Allein 2025 erreichten die altonale und das internationale Festival der Straßenkünste STAMP an zehn Tagen über 150.000 Besucherinnen mit insgesamt 244 Veranstaltungen an 24 Spielstätten im Stadtteil Altona. 90 lokale Initiativen präsentierten sich auf der Infomeile Buntes Altona, über 70 Künstlerinnen auf dem Kunstmarkt, der allein schon von rund 5.000 Menschen besucht wurde.
Doch stark gestiegene Kosten und ein massiver Einbruch bei Sponsorengeldern – der von jeher wichtigsten Finanzierungsquelle der altonale – haben das Festival in eine existenzbedrohende finanzielle Lage gebracht. Aktuell besteht ein erheblicher Fehlbetrag. Ohne zusätzliche Unterstützung ist der Erhalt des Festivals gefährdet.
Um die Zukunft abzusichern, hat das Team nun eine Crowdfunding-Kampagne gestartet und ruft Unterstützerinnen, Besucherinnen und Freund*innen des Festivals dazu auf, gemeinsam zum Erhalt dieses einzigartige Kulturfestivals beizutragen.

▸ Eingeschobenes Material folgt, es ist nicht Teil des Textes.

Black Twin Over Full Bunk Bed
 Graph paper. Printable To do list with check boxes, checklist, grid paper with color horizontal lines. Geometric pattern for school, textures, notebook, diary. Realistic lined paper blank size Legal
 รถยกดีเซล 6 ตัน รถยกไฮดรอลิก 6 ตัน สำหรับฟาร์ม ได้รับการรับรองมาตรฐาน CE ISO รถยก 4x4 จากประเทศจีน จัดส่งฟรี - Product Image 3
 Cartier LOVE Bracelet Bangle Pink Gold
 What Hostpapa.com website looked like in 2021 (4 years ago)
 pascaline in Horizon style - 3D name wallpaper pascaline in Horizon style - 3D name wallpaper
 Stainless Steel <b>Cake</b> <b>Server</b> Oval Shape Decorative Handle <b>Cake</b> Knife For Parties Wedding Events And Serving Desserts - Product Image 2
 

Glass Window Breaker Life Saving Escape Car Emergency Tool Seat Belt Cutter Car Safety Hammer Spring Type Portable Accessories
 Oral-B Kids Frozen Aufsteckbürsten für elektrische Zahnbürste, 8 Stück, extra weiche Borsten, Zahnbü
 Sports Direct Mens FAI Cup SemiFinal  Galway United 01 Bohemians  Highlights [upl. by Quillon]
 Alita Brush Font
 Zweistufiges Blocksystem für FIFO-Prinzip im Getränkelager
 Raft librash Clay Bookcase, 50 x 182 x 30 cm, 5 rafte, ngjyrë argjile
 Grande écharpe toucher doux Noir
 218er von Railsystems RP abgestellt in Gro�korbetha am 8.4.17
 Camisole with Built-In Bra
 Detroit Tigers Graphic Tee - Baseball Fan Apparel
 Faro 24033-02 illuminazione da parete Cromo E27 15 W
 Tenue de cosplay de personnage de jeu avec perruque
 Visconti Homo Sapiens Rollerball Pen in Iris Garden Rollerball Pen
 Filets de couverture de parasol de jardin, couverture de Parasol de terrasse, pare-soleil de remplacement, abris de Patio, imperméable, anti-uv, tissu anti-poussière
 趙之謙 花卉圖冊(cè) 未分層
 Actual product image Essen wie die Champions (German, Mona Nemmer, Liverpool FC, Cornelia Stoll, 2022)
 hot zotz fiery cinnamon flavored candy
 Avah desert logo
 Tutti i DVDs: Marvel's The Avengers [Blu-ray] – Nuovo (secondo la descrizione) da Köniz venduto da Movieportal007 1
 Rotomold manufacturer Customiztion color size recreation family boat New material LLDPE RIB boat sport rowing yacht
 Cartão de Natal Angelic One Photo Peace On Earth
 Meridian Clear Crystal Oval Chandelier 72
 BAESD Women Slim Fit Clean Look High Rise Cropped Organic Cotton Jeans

Denn die Finanzierung des Festivals erfolgt überwiegend aus eigenen Mitteln: Rund 20 Prozent der benötigten Mittel erhält die altonale dankenswerterweise von der Stadt Hamburg. Der deutlich größere Anteil von rund 80 Prozent muss jedoch jedes Jahr aufs Neue selbst eingeworben und erwirtschaftet werden.
Der aktuelle Einbruch bei Sponsorengeldern aufgrund der gesamtwirtschaftlichen Lage trifft das Festival daher besonders hart. Was über Jahrzehnte gewachsen ist, steht nun auf dem Spiel.